Adult:  “It’s lunch time.  Come on over and sit in your seat.”

Child:  Want cookies!!!!! [whiny shout, banging on cabinet storing said cookies]

Adult:  “You want cookies now, no lunch, just cookies!!” Remember the 1/3 level of mirroring their delivery.  Rinse and repeat until you see him take a breath, shoulders drop, etc.  This is the start of the “Fast Food Rule” of Happiest Toddler on the Block.

Child:  “Yeah” [ quieter whine, lots of eye contact, head nodding]

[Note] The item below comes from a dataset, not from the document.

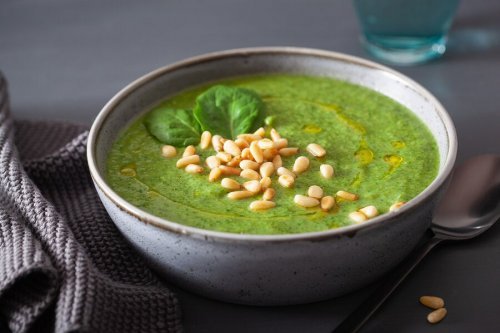 Cremes de verduras com espinafres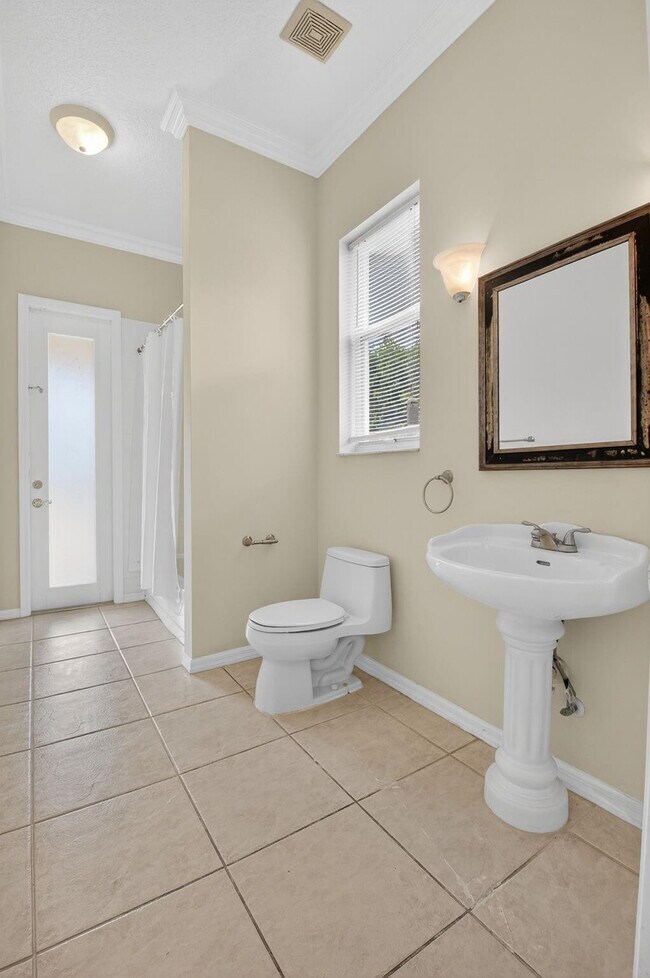 Building Photo - 22194 Braddock Pl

Adult:  “Oh, wow.[insert pause with disappointed look]  But it is lunch time. [another pause and sympathetic look] You have a yummy ______all ready, and then it will be time for ( # ) cookies after you finish your _______.”  [insert optimistic smile, as if you get the cookies too!]  Rinse and repeat if needed, but many if not most kids will be able to come to the table.  They may not be cheerful, but they know that you have limits, and they know you will deliver the cookies.  If they are eating and interacting with you, reward them with your pleasant conversation and plans of fun to come.

Why would anyone go to so much effort to stay calm, instead of just saying “Cut that out right now!”?  Because we are in this for the long haul.  Because the job of adults is not just to keep kids alive and safe all day, but to teach them how to manage their emotions and their behavior.  Because we are supposed to be the adults, capable of managing our emotions and planning our responses, not just lashing out.  And because we are investing in the relationship, knowing that a child that has seen you set consistent limits but also knows you do not shame, threaten, insult, or beg them to behave is more likely to listen to what you have to say.  When the conflict comes, as it always will, calmly stating the limits and acknowledging their viewpoint is like withdrawing money from a bank account.

The Fast Food Rule is just step one.